Marco Aurélio aumentou o valor que Bolsonaro deve pagar como honorários à defesa da deputada petista de 10% para 15% do valor da indenização.  O presidente da República virou réu no Supremo pela mesma declaração, mas a ação criminal foi suspensa na semana passada porque devido a imunidade, como chefe do Executivo Federal, ele não pode responder por fatos anteriores ao mandato.

Em agosto de 2017, a Terceira Turma do Superior Tribunal de Justiça (STJ) manteve a condenação. Bolsonaro recorreu no mesmo ano ao Supremo argumentando que a decisão da Justiça contrariava o princípio da imunidade parlamentar. De acordo com o que afirmou, o fato aconteceu porque havia um “antagonismo ideológico” entre ele e a parlamentar.

Ao negar o recurso, Marco Aurélio lembrou que, conforme a Constituição, o dispositivo da imunidade só é válido no âmbito criminal, não se estende a ações judiciais que busquem responsabilidade civil, em processos instaurados por prática de infrações político-administrativas ou em procedimentos destinados a apurar a sua responsabilidade tributária.

“Há dos tipos de imunidade, a temporária em relação à presidência da república e a parlamentar para as posições dos parlamentares. No caso da imunidade quanto ao que se fala, esta tem sido afastada desde a primeira instância no caso do Bolsonaro, porque uma pessoa que xinga a outra e comete inclusive condutas que podem vir a ser tipificadas como crime não está amparada pela imunidade parlamentar”, detalhou a advogada.

Segundo o ministro, além de ausência de foro privilegiado, a sentença deve ser mantida porque Bolsonaro admitiu nos autos que exerceu sua “liberdade de opinião” fora do ambiente de atuação legislativa, “em uma situação pessoal.” “O próprio deputado quebra o nexo de causalidade com a atividade legislativa quando, de acordo com os autos, emite uma nota com o seguinte título: ‘jamais pedirei desculpas à deputada Maria do Rosário’.”

Em sua defesa, o deputado havia afirmado: “Racionalmente é possível entender as palavras ditas à Deputada Maria do Rosário como uma reação à ofensa inicialmente dirigida a mim. E só”.

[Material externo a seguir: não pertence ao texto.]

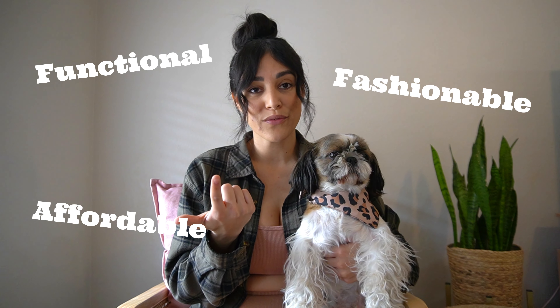Hey guys, welcome or welcome back to my channel, The Fashion Cutie. We have a special guest here, Bella, who's joining us because she's super excited — as am I — to share today's video, which is about affordable places I shop for activewear that are functional, affordable, and fashionable. Without further ado, let's get into the video.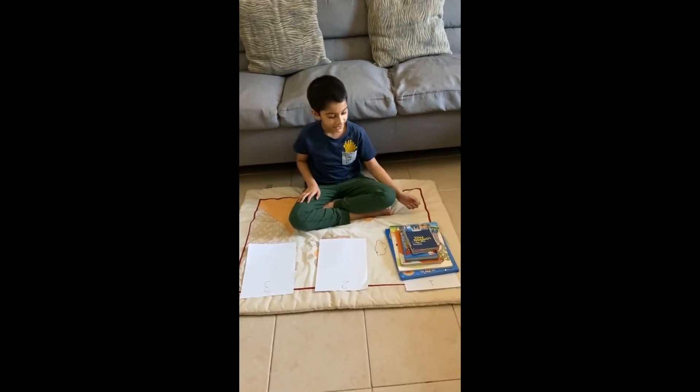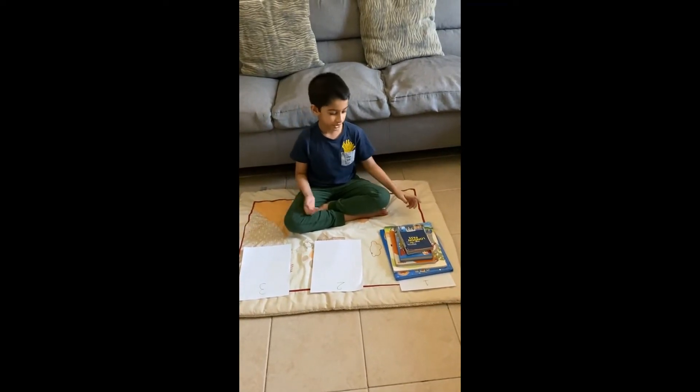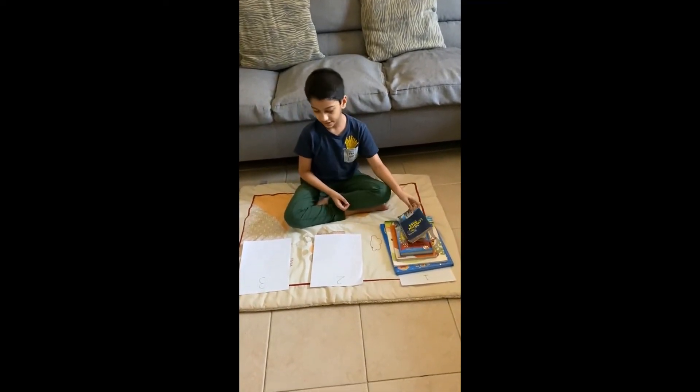Now, I will move all my discs from the first rod to the third rod in 31 moves. Let's get started. 1...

“Antes da eleição, o réu Bolsonaro dizia que ‘ninguém deveria estar acima da Lei’, mas sempre buscou se acobertar sob o foro privilegiado de deputado e impedir a ação da justiça contra seus atos, acreditando conquistar mais uma vez a impunidade. Depois de eleito e no poder, tenta usar da presidência da república, mas não obteve o arquivamento que desejava. De minha parte, seguirei defendendo as mulheres e crianças de todas as formas de violência”, afirmou a deputada em nota “Bolsonaro quer se livrar, mas não levou”, publicada um dia após a decisão do Ministro Luiz Fux que suspendeu o julgamento das duas ações penais.